The “Shark tank” The investor said he believes companies are facing a difficult path due to changed consumer behavior. He found that the way people use digital for shopping, health care, education, remote working, and so many other daily activities has fundamentally changed. O’Leary started his first business in his basement in 1986. In 1999, O’Leary and his co-founders sold the company to the Mattel Toy Company for $ 4.2 billion. He has had several hits since then. In addition to invest in successful companies Through ABC’s “Shark Tank,” O’Leary founded companies such as O’Shares ETFs, O’Leary Financial Group and O’Leary Wines.
In addition to being successful, O’Leary has also seen some failures which is an important lesson for entrepreneurs.

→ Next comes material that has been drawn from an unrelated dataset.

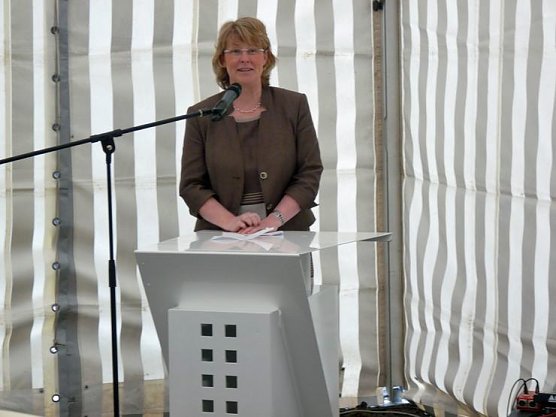 Kreisverkehr freigegeben (Foto: Karl-Heinz Herrmann) Kreisverkehr freigegeben (Foto: Karl-Heinz Herrmann)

“We have accelerated a digital transformation that should have taken five years in five months,” he said. As a result, it’s been a very, very volatile time for all types of businesses, “he said at a recent CNBC virtual summit on the Small Business Playbook.

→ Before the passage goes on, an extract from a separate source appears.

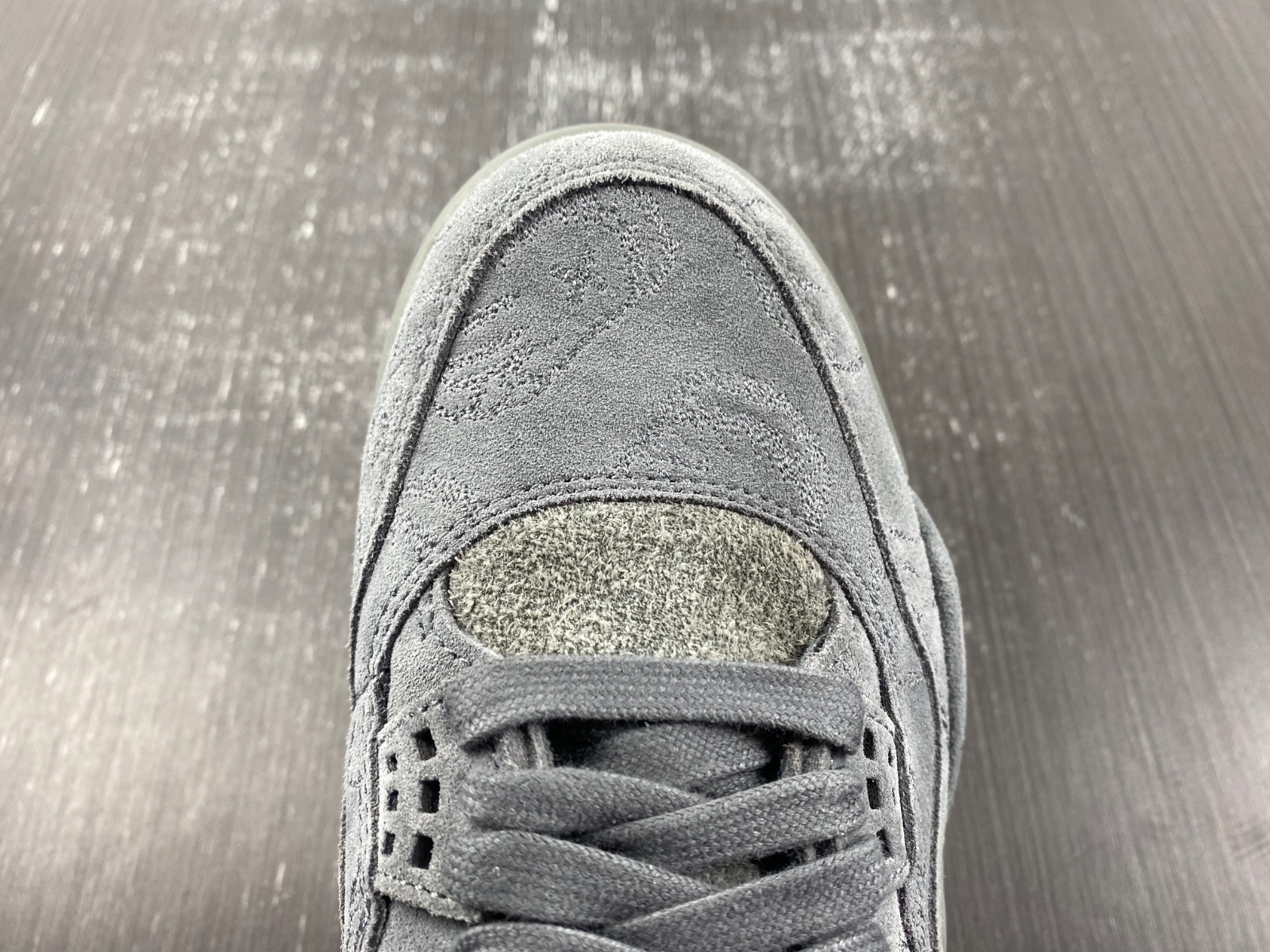 KAWS x Air Jordan 4 Retro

Companies that will survive can successfully adapt to this new digital economy, he predicted. They also need to know how to communicate and sell directly to customers – and how to manage their finances. “This is the time to stay focused. And don’t let the noise or naysayers get in the way,” said O’Leary.
What is the biggest mistake entrepreneurs make that threatens their company’s chances of survival?
It’s taking on too much debt, according to O’Leary. “You have to be very, very confident that you can survive for the next 18 months before you do this. When your sales have gotten to zero and you have no income and you and you have no chance of income because you have a bar or Being a restaurant that is about to close is not a good idea, however, if you are generating income from performing the digital pivot and believing your business can survive, using debt on interest rates can work, and prices are at all-time lows . “
“The biggest problem is when things don’t go right,” says the Shark Tank investor. “So, if you have a debt right now and you can’t pay it back, you are technically bankrupt.”
“Raising government bailout funds is not always a good idea if you think your business will not be profitable in the long run because consumer buying behavior has changed,” said O’Leary. “I think if another government loan package comes out it won’t be free helicopter money like the original PPP programs were. You have to be very careful and evaluate the terms of those loans.”
How much debt should you be willing to take out if it is right for your business?
“Use this simple formula: never use more than a third of your company’s free cash flow to service debt. That includes principal and interest payments. That’s the magic number.”
According to the small business expert, the moment you exceed that amount, you are putting tremendous pressure on your business. “You can’t reinvest in the business by servicing debt. You don’t have free cash flow to attract new customers. You can’t grow. That’s why it’s so dangerous.” O ‘said Leary. “It becomes a barbell of weight for you, and it’s very stressful. Sometimes it makes more sense to just let it go.”
As he points out, sometimes you have to hit the reset button and start over when there is more market certainty. “You have to realize that it is difficult and look for new opportunities.”